* _DATASET EXTRACT_
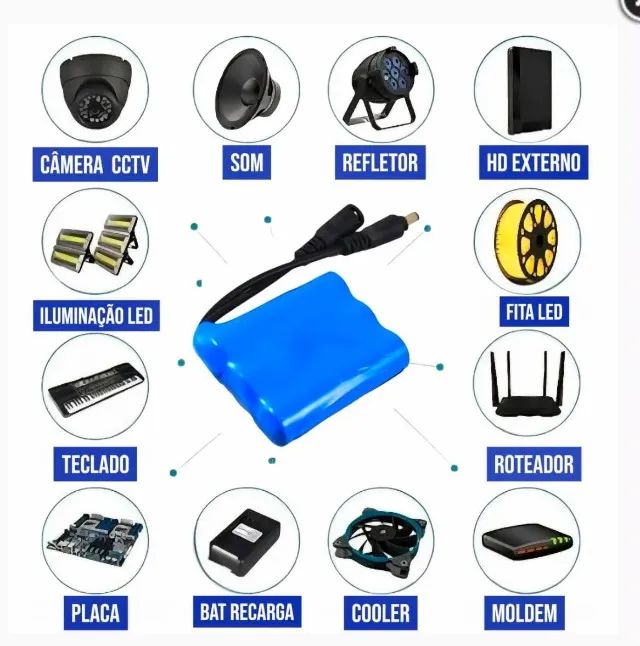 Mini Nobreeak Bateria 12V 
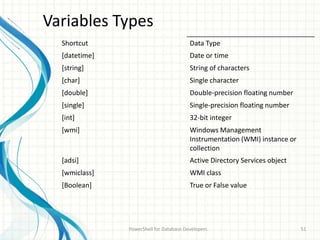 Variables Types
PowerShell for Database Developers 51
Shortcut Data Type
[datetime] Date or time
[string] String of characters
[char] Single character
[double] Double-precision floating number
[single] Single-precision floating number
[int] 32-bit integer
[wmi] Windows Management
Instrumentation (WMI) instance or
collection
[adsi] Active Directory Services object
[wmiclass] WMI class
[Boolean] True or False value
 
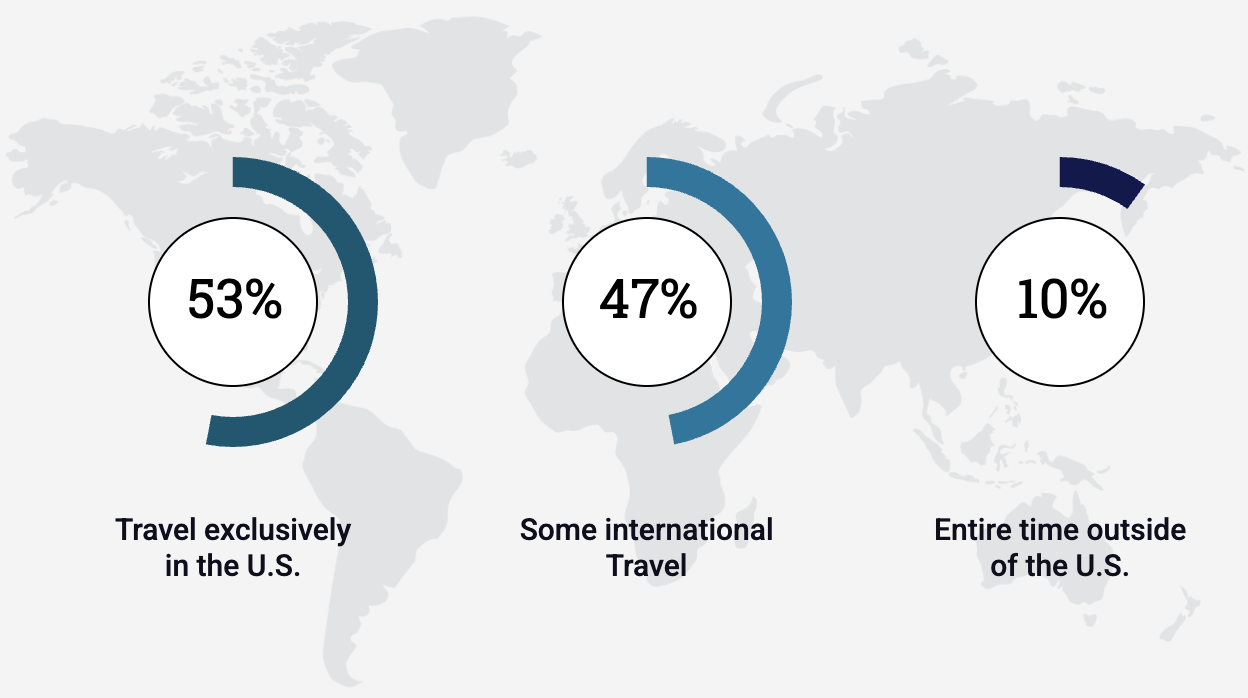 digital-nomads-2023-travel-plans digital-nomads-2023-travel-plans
--
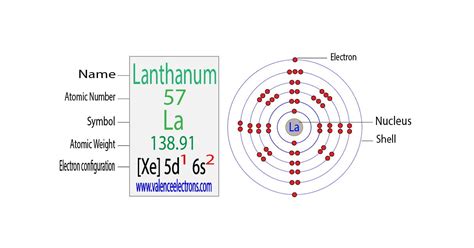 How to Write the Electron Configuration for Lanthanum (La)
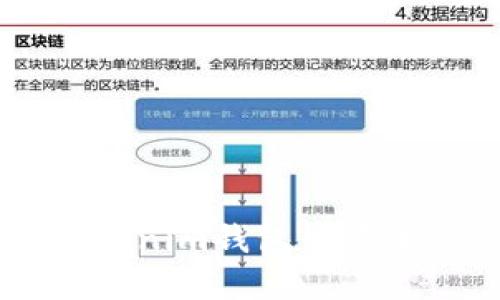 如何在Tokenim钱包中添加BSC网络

* _EXERCISE AIM_
Using the material, show each line where the string "precision" can be found.

* _SOLUTION TO THE EXERCISE_
[double] Double-precision floating number
[single] Single-precision floating number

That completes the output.